The Kapex saw is great if you're a lottery winner. I want one but can't justify the price even though I do a lot of woodworking. 

To answer the question...Yes, a sliding miter saw should be accurate to within 1/32" easily. If you buy a cheap-o version, expect more runout and tolerances that aren't as tight. You can't go wrong with Ridgid, DeWalt, the more pricey Delta's and Porter Cable. As you get into the cheaper Craftsmans and Ryobi's the quality goes down.

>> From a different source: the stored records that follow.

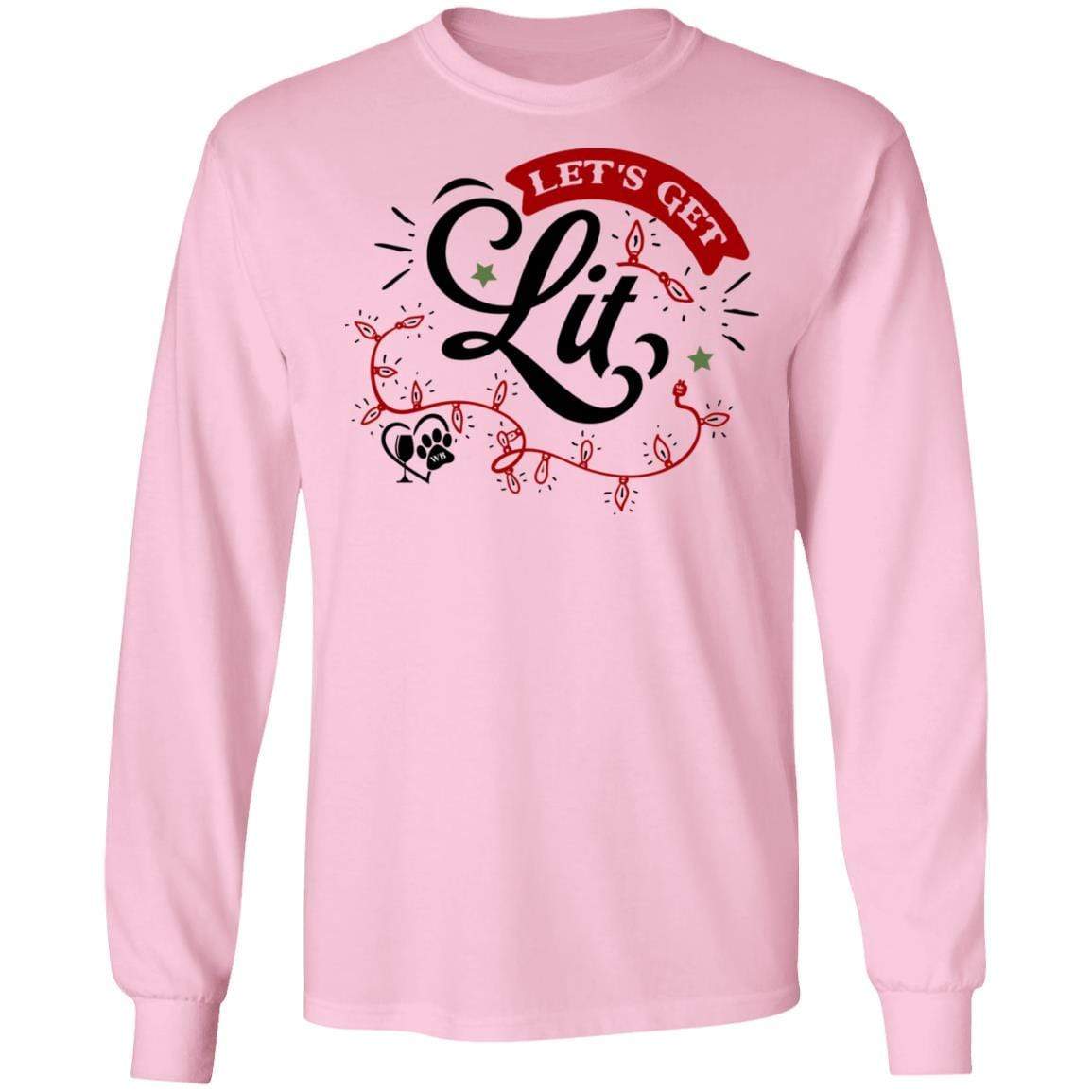 T-Shirts Light Pink / S WineyBitches.Co "Let's Get Lit" LS Ultra Cotton T-Shirt WineyBitchesCo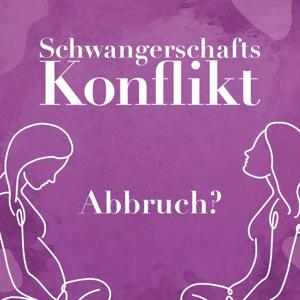 Tabufrei - Schwangerschaftskonflikt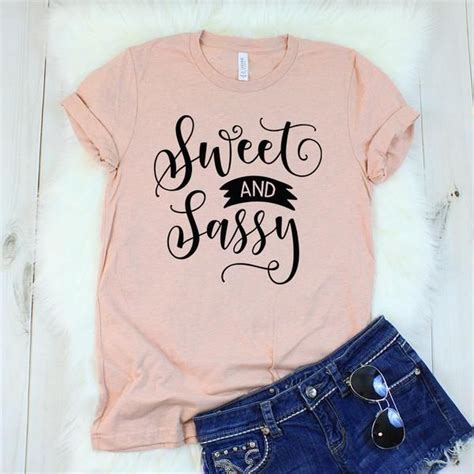 Sweet And Sassy T Shirt Sassy T Sassy Shirts T Shirt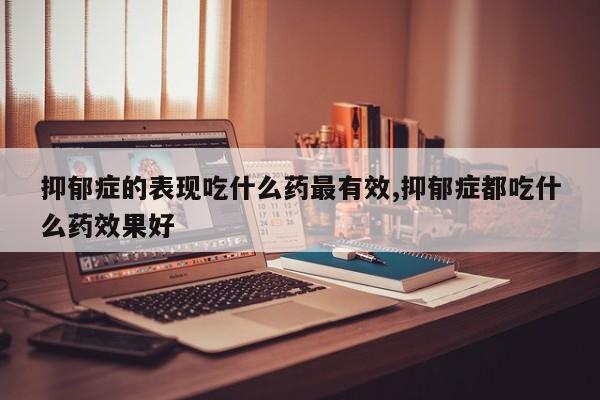 抑郁症的表现吃什么药最有效,抑郁症都吃什么药效果好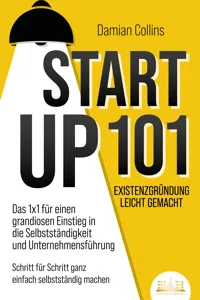 STARTUP 101 - Existenzgründung leicht gemacht: Das 1x1 für einen grandiosen Einstieg in die Selbstständigkeit und Unternehmensführung - Schritt für Schritt ganz einfach selbstständig machen_cover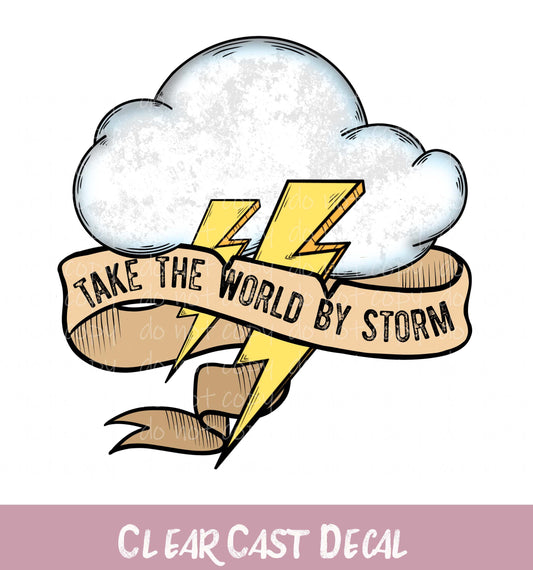 WC353  ~  Take The World by Storm ~ UV DTF Decal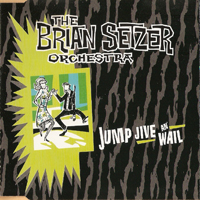Brian Setzer Orchestra - Jump Jive An' Wail (Single)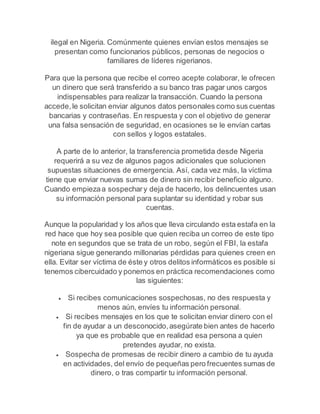 ilegal en Nigeria. Comúnmente quienes envían estos mensajes se 
presentan como funcionarios públicos, personas de negocios o 
familiares de líderes nigerianos. 
Para que la persona que recibe el correo acepte colaborar, le ofrecen 
un dinero que será transferido a su banco tras pagar unos cargos 
indispensables para realizar la transacción. Cuando la persona 
accede, le solicitan enviar algunos datos personales como sus cuentas 
bancarias y contraseñas. En respuesta y con el objetivo de generar 
una falsa sensación de seguridad, en ocasiones se le envían cartas 
con sellos y logos estatales. 
A parte de lo anterior, la transferencia prometida desde Nigeria 
requerirá a su vez de algunos pagos adicionales que solucionen 
supuestas situaciones de emergencia. Así, cada vez más, la víctima 
tiene que enviar nuevas sumas de dinero sin recibir beneficio alguno. 
Cuando empieza a sospechar y deja de hacerlo, los delincuentes usan 
su información personal para suplantar su identidad y robar sus 
cuentas. 
Aunque la popularidad y los años que lleva circulando esta estafa en la 
red hace que hoy sea posible que quien reciba un correo de este tipo 
note en segundos que se trata de un robo, según el FBI, la estafa 
nigeriana sigue generando millonarias pérdidas para quienes creen en 
ella. Evitar ser víctima de éste y otros delitos informáticos es posible si 
tenemos cibercuidado y ponemos en práctica recomendaciones como 
las siguientes: 
 Si recibes comunicaciones sospechosas, no des respuesta y 
menos aún, envíes tu información personal. 
 Si recibes mensajes en los que te solicitan enviar dinero con el 
fin de ayudar a un desconocido, asegúrate bien antes de hacerlo 
ya que es probable que en realidad esa persona a quien 
pretendes ayudar, no exista. 
 Sospecha de promesas de recibir dinero a cambio de tu ayuda 
en actividades, del envío de pequeñas pero frecuentes sumas de 
dinero, o tras compartir tu información personal. 
 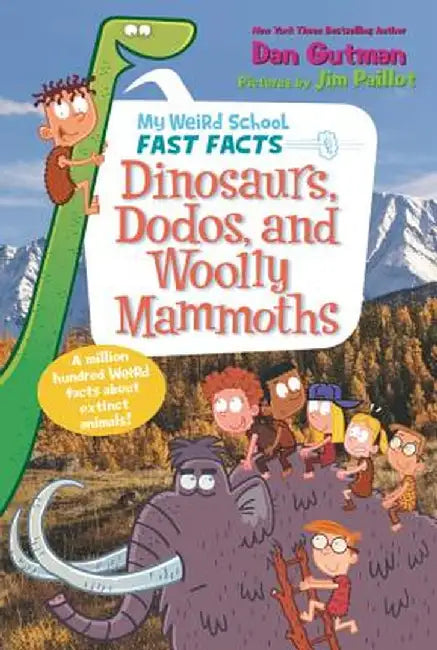 My Weird School Fast Facts: Dinosaurs, Dodos, and Woolly Mammoths by Dan Gutman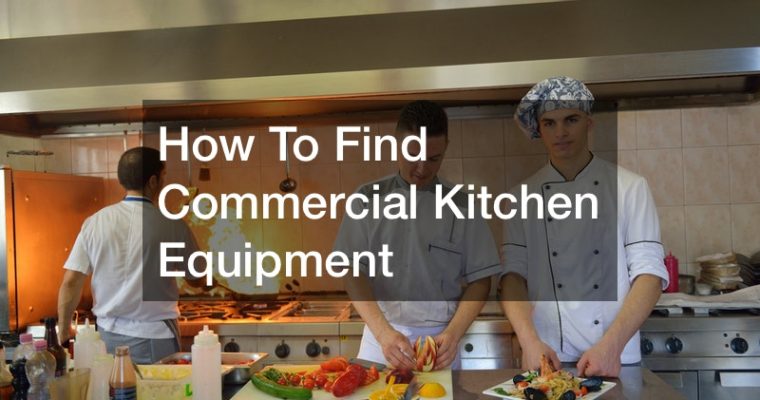 How to Find Commercial Kitchen Equipment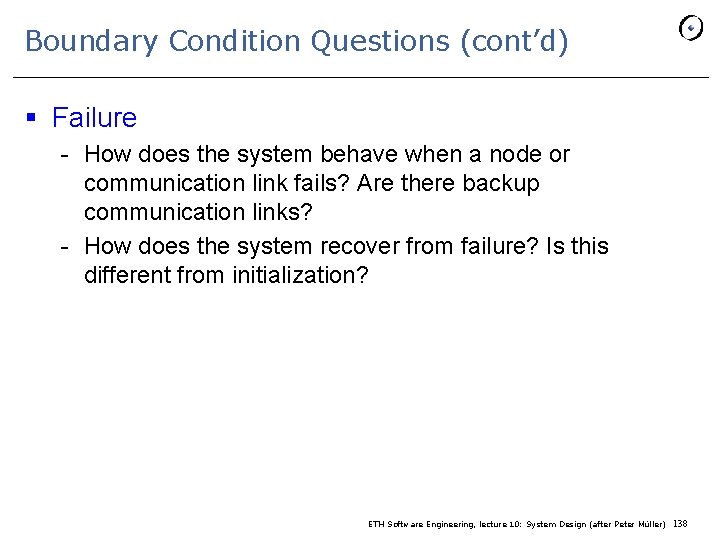 Boundary Condition Questions (cont’d) § Failure - How does the system behave when a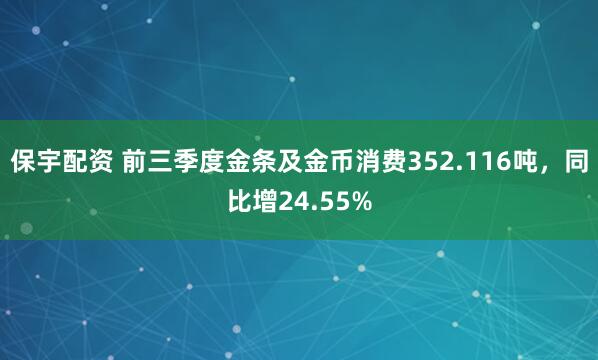 保宇配资 前三季度金条及金币消费352.116吨，同比增24.55%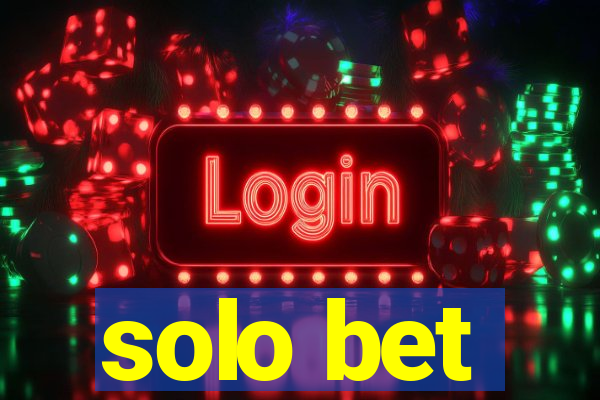 solo bet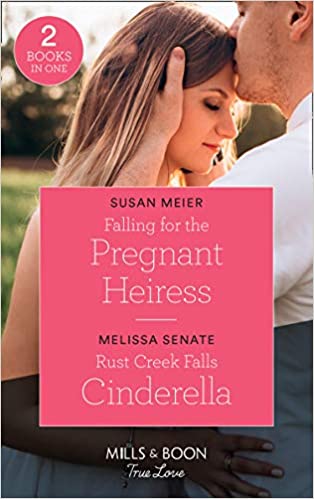 Falling for the Pregnant Heiress / Rust Creek Falls Cinderella Susan Meier, Melissa Senate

Personally, I'd recommend a table saw for angle cutting applications where accuracy is critical. A good table saw with a quality aftermarket miter gauge (Incra, Rockler, etc) is the most accurate tool in the shop. You'll get smoother cuts with it as well.


----------



## Tom Struble (Dec 29, 2008)

cant a guy dream KC?:thumbup:


----------



## jaros bros. (Jan 16, 2009)

More importantly, make sure you're not using a cheap blade. Cutting 45 degree angles with precision requires a good blade without much deflection. Expect to pay over $100. Are you making picture frames?


----------



## linwin3000 (Feb 22, 2009)

Making stereo speaker cabinets, usually from 10L to 75L in volume. Runout at the cut is absolutely critical to success! Yes, the blade is very important, I`ve used Matsu****a blades with good luck but I`m really looking for less setup and more consistent results. The side thrust on the wood is considerable and requires a good clamp to keep from moving. I have used table saw sleds with mixed results, they are designed for 90 deg. crosscuts and I have had trouble getting the sleds setup to make 45 deg. cuts. The 90 deg. relationship of the blade to the sled fence has slightly eluded me causing accuracy problems. The sled is probably inherently the best bet but requires more effort to dial in. Anyone else have a good plan for building sleds? 
See ya,
Richard


----------



## jaros bros. (Jan 16, 2009)

If you do a little googling there are tons of plans online. You could also buy a sled from a woodworking supply company. Use a good piece of mdf and router a slot in the bottom for a piece of hardwood so that when the mdf is on the table it is flush. The hardwood should engage nicely in the miter slot, but not too tight. Then run another board perpendicular to the saw blade and mount a couple of hold down clamps to it. If you take your time, using squares and gauges you can build a very accurate sled. There's so many ways and extra features you can build. Just draw a simple plan and start. If you lay and nice straight edge along the blade, the entire length of the table you will be able to adjust the mdf to the hardwood before you attach it.


----------



## Termite (Apr 13, 2008)

Here's the miter sled I have. Incra makes it and you can get them at www.woodpeck.com, woodcraft, and other online retailers. They aren't cheap, but if you have a tablesaw and get a nice miter gauge you'll start finding lots more uses for it than previously. They have lesser ones for less money, but the nicer they are the more adjustability they have. They're well-made and are dead nuts accurate.


----------



## Termite (Apr 13, 2008)

[email protected] said:


> cant a guy dream KC?:thumbup:


Oh yeah...I stood in front of the Kapex at Woodcraft not three days ago wishing that I had that kind of cash laying around to blow on overpriced Festool stuff! It is truly twice as nice as the nicest saws I've seen.


----------



## Tom Struble (Dec 29, 2008)

:yes:i hear ya


----------



## Willie T (Jan 29, 2009)

Oh c'mon. A lousy $1,300. You guys have that much in fishing tackle. And it's probably only another $1,500 for all the extras they sell.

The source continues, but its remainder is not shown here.